======== RECORDS SUPPLIED
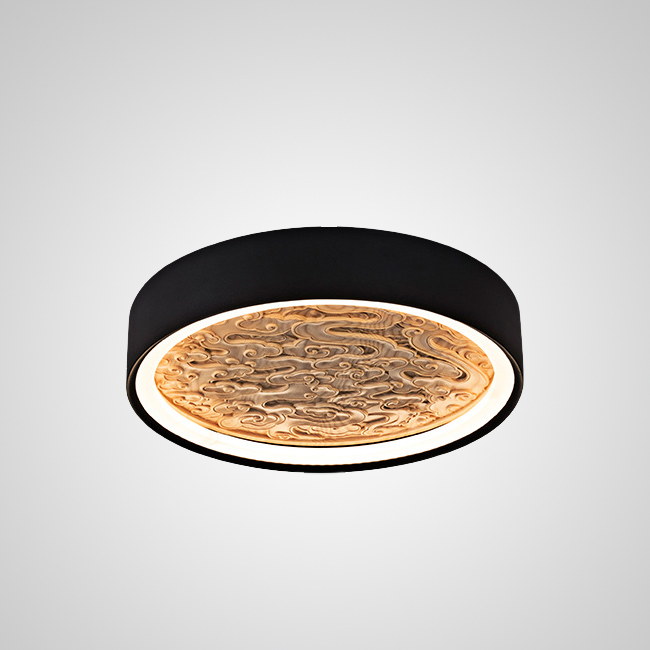 Потолочный светильник RODA CH D60 Light brown by ImperiumLoft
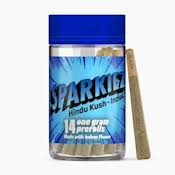 Photograph of product: Sparkies Preroll Pack Oui'd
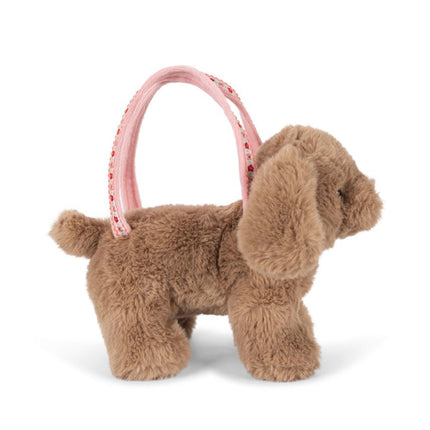 Konges Sløjd Puppy Tas Brown koop je bij Babywinkel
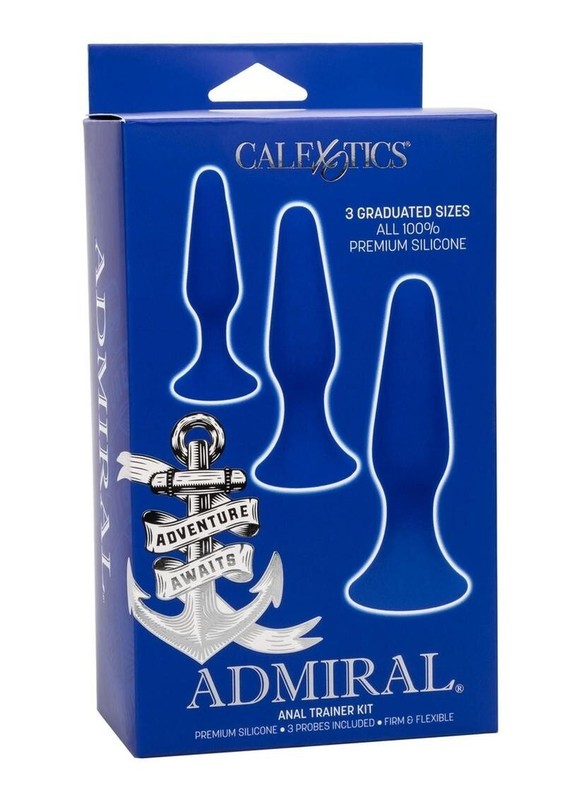 Admiral Anal Trainer Kit – Blue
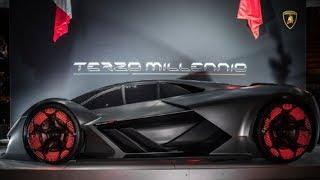 Lamborghini Electric Car - Lamborghini Terzo Millennio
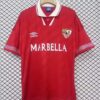Camiseta Retro Sevilla segunda equipacion 1994-1996
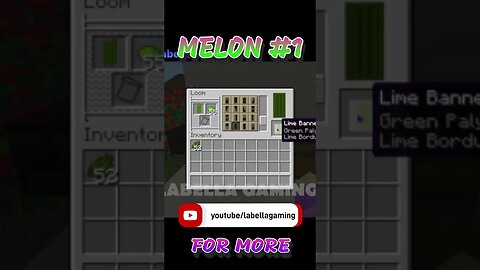 Melon Banner #1 | Minecraft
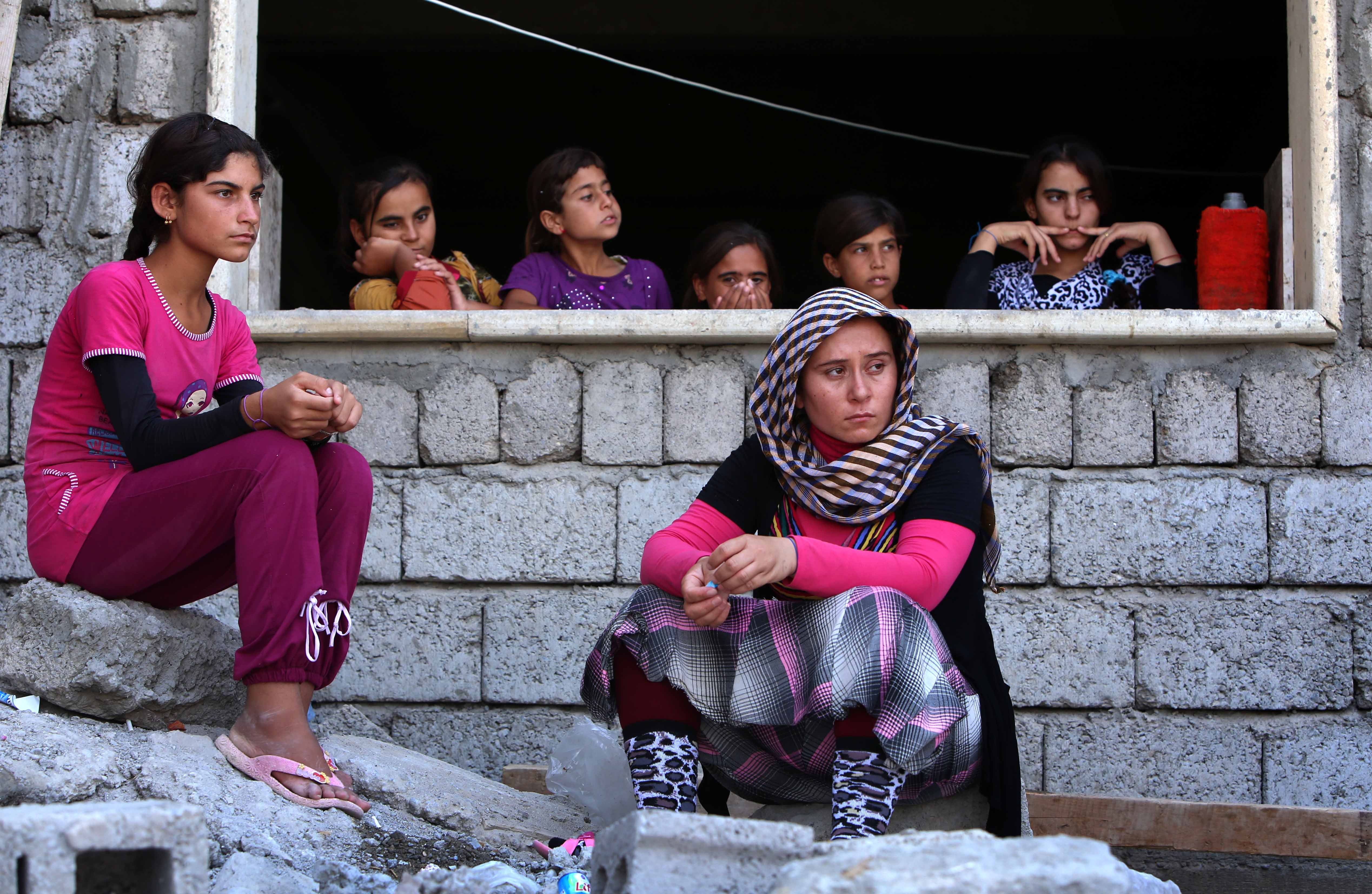 Un Says Isis Holding 3500 Slaves In Iraq Mainly Yazidi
================
▶ [TRY IT]
Return the records word for word, leaving every picture out of the copy.

▶ [THE COMPLETED TASK]
 Потолочный светильник RODA CH D60 Light brown by ImperiumLoft
 Photograph of product: Sparkies Preroll Pack Oui'd
 Konges Sløjd Puppy Tas Brown koop je bij Babywinkel
 Admiral Anal Trainer Kit – Blue
 Lamborghini Electric Car - Lamborghini Terzo Millennio
Camiseta Retro Sevilla segunda equipacion 1994-1996
 Melon Banner #1 | Minecraft
 Un Says Isis Holding 3500 Slaves In Iraq Mainly Yazidi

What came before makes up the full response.